◆ What this task involves ◆
From the records below, set down exactly the lines starting with the line that contains "toyota rav4 2020" and going on through the line that contains "BMW Serie 3". Nothing else is wanted.

◆ Information supplied ◆
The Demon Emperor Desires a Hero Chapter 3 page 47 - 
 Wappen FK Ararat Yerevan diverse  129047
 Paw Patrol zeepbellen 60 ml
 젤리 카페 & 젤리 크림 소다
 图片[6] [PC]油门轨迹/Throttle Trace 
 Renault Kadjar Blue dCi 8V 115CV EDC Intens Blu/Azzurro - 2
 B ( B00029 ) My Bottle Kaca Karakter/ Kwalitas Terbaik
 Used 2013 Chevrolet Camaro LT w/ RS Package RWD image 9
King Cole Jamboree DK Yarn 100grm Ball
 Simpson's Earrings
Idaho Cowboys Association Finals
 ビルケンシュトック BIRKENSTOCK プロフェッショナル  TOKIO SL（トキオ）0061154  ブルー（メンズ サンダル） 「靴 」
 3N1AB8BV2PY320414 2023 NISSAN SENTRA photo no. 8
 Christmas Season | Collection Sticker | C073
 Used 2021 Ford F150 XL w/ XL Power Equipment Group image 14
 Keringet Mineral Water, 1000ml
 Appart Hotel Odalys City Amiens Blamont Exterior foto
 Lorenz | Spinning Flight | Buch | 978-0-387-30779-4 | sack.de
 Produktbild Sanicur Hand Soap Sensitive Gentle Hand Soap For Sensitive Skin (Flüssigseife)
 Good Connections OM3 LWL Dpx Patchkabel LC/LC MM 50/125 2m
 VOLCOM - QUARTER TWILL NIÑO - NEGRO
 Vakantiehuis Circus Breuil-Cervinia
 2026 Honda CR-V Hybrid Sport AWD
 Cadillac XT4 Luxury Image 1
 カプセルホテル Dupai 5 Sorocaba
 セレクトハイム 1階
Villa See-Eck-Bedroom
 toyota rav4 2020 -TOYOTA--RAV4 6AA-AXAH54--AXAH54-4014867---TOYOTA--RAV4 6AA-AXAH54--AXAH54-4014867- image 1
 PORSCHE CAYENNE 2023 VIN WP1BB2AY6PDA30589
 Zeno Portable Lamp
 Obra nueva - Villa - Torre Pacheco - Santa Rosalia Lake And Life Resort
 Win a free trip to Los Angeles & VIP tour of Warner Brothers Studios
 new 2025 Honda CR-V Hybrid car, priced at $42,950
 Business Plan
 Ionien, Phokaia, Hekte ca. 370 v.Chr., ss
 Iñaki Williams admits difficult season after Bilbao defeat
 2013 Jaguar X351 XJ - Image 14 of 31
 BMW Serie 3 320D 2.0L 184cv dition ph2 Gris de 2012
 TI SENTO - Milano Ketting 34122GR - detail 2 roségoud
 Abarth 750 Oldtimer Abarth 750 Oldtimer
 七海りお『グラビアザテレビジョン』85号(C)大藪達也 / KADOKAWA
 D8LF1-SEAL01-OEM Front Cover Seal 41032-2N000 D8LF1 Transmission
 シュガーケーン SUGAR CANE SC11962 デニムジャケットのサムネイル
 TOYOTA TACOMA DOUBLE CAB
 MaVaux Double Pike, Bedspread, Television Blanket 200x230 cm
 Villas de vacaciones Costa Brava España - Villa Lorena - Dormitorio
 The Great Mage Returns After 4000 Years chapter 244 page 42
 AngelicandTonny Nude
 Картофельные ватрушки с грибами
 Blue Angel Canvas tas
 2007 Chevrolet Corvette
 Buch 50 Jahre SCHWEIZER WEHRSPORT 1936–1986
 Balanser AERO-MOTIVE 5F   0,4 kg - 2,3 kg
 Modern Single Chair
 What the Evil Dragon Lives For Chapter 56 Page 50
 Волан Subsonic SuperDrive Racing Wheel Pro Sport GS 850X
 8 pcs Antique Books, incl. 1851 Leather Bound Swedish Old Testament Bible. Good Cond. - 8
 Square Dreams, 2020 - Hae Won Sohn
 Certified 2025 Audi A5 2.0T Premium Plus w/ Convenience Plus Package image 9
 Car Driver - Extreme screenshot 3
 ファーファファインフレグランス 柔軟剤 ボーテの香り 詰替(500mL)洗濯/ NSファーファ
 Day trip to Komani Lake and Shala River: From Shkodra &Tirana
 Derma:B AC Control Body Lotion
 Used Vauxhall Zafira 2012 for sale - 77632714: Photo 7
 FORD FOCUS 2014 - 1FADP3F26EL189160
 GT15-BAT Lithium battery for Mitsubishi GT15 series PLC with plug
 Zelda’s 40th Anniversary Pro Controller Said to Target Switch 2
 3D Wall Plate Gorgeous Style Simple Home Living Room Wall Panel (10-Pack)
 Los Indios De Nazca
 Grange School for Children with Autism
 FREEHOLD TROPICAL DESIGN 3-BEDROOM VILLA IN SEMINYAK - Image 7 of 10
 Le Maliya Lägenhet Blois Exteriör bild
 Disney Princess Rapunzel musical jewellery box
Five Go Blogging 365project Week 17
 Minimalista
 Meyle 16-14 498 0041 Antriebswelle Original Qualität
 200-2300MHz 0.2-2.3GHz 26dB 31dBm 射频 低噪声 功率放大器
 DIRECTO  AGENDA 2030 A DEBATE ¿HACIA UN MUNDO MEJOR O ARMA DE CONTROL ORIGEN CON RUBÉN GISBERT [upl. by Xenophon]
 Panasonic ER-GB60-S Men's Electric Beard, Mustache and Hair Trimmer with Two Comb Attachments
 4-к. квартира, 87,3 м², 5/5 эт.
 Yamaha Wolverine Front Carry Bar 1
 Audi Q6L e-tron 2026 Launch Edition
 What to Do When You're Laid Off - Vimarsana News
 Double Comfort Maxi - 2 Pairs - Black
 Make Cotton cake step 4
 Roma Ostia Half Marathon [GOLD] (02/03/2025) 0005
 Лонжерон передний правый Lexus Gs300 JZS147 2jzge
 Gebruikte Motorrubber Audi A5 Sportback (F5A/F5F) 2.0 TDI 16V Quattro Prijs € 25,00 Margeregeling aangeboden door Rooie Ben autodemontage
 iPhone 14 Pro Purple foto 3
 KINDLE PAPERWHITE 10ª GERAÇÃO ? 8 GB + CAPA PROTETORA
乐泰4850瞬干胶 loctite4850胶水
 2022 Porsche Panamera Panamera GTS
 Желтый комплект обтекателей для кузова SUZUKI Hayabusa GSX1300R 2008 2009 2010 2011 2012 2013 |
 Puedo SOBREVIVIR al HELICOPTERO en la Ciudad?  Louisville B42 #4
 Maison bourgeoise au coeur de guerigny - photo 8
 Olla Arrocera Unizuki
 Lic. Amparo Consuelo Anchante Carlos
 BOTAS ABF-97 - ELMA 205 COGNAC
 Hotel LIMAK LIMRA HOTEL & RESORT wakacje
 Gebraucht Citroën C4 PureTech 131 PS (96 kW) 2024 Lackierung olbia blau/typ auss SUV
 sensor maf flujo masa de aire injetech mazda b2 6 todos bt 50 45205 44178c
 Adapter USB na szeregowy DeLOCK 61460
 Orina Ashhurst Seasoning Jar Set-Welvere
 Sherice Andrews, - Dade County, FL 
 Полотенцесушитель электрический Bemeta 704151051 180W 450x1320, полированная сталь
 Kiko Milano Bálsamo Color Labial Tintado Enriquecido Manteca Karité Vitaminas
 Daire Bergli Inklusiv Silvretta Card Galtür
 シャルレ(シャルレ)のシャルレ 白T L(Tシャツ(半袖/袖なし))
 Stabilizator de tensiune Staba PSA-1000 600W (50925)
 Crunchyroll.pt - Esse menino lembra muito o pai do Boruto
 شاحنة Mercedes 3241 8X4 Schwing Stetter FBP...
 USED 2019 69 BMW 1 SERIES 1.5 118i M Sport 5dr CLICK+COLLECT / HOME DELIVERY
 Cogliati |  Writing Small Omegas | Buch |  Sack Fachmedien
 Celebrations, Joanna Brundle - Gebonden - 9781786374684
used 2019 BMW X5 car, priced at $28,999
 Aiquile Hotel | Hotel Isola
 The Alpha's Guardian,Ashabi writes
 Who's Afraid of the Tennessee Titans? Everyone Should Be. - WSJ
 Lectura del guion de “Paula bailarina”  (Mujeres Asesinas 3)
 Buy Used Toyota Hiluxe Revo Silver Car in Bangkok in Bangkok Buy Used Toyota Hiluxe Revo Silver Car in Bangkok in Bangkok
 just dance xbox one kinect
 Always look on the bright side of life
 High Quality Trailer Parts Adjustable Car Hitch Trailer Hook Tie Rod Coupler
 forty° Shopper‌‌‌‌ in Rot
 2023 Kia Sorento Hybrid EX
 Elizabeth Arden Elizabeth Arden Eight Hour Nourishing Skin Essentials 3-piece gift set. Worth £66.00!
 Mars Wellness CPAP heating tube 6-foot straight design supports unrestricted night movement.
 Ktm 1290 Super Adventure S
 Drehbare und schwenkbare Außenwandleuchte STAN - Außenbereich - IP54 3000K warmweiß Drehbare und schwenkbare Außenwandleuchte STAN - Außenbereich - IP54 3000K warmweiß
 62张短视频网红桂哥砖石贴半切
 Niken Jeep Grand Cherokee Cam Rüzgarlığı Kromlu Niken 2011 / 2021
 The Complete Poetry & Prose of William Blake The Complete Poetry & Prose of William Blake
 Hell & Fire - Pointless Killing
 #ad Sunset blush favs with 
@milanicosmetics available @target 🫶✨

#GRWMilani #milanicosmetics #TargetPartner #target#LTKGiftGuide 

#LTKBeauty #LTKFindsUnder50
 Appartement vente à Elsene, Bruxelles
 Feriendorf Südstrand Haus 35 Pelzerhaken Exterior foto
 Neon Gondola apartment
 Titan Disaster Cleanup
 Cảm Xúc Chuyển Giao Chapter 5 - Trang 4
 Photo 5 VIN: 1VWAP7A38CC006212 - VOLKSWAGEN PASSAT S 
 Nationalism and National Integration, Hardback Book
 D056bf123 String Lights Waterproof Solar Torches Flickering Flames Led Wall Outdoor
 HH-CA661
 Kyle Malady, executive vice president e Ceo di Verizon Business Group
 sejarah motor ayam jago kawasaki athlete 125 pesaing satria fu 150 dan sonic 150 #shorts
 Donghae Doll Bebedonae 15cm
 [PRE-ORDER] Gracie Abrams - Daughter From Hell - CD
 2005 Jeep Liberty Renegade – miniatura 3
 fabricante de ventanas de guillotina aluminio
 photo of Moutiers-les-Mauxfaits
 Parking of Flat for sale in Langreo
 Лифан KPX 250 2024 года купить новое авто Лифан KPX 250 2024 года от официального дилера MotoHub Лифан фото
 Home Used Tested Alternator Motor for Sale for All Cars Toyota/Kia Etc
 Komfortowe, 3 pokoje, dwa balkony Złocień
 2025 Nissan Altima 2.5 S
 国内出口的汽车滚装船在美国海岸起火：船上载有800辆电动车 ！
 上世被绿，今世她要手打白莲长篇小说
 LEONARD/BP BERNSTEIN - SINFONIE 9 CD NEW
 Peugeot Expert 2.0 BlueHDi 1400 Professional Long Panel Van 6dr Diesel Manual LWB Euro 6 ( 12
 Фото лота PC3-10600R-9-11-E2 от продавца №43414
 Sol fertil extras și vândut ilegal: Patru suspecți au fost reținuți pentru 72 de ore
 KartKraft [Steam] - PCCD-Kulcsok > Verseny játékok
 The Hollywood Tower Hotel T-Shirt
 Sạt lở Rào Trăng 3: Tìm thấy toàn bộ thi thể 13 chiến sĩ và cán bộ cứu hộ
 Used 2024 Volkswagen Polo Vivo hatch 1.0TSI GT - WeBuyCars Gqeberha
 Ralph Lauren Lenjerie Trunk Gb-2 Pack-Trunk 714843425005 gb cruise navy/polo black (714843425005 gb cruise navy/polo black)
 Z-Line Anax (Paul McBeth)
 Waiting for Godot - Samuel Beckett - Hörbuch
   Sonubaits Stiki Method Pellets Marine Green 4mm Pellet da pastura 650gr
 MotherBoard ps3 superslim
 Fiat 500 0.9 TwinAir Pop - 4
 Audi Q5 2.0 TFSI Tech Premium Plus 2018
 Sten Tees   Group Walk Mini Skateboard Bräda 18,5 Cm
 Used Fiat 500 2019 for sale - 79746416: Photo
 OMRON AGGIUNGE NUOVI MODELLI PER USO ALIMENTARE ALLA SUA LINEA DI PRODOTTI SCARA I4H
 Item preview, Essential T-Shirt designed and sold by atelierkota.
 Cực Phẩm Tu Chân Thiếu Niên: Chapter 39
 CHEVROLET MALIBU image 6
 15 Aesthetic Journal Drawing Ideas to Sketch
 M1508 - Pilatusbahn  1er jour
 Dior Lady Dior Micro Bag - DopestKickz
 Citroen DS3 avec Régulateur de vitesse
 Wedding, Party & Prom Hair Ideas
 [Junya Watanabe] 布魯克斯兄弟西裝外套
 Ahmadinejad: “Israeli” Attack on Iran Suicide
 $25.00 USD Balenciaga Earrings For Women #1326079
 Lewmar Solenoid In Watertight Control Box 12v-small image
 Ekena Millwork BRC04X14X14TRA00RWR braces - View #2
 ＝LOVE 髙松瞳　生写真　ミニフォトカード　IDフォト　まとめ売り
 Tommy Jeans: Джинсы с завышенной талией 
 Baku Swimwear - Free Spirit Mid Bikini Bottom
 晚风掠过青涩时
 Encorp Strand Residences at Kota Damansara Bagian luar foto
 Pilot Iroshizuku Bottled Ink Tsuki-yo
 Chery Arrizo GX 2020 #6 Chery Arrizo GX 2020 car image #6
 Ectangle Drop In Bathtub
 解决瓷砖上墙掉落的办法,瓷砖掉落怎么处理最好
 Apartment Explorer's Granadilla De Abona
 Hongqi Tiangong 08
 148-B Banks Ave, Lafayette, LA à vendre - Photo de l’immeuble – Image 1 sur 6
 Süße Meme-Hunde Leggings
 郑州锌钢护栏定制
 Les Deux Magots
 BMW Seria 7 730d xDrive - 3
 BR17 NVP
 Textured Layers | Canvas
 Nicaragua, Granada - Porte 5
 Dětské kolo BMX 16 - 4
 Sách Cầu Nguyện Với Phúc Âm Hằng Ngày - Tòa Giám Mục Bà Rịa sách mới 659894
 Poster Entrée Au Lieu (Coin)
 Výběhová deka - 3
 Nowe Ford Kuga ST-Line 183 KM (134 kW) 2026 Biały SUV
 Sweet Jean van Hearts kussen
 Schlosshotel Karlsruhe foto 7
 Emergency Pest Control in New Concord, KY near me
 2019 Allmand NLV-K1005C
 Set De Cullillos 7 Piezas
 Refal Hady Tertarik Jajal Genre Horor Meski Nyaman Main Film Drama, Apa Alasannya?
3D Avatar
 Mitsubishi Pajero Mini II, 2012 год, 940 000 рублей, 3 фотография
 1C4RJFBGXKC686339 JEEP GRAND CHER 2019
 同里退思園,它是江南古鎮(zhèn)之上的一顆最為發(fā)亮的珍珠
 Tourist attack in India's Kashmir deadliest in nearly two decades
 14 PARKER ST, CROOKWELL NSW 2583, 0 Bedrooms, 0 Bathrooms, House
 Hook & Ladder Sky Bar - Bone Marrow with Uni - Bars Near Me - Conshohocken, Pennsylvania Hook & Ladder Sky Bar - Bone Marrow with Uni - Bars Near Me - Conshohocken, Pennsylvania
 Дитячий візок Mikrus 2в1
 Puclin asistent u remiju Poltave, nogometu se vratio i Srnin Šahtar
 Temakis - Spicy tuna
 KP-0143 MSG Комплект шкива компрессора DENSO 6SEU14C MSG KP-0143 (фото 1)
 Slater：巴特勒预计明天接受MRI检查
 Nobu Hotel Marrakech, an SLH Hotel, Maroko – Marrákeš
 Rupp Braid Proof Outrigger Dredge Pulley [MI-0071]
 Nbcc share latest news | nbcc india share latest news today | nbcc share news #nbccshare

◆ Answer area ◆
 toyota rav4 2020 -TOYOTA--RAV4 6AA-AXAH54--AXAH54-4014867---TOYOTA--RAV4 6AA-AXAH54--AXAH54-4014867- image 1
 PORSCHE CAYENNE 2023 VIN WP1BB2AY6PDA30589
 Zeno Portable Lamp
 Obra nueva - Villa - Torre Pacheco - Santa Rosalia Lake And Life Resort
 Win a free trip to Los Angeles & VIP tour of Warner Brothers Studios
 new 2025 Honda CR-V Hybrid car, priced at $42,950
 Business Plan
 Ionien, Phokaia, Hekte ca. 370 v.Chr., ss
 Iñaki Williams admits difficult season after Bilbao defeat
 2013 Jaguar X351 XJ - Image 14 of 31
 BMW Serie 3 320D 2.0L 184cv dition ph2 Gris de 2012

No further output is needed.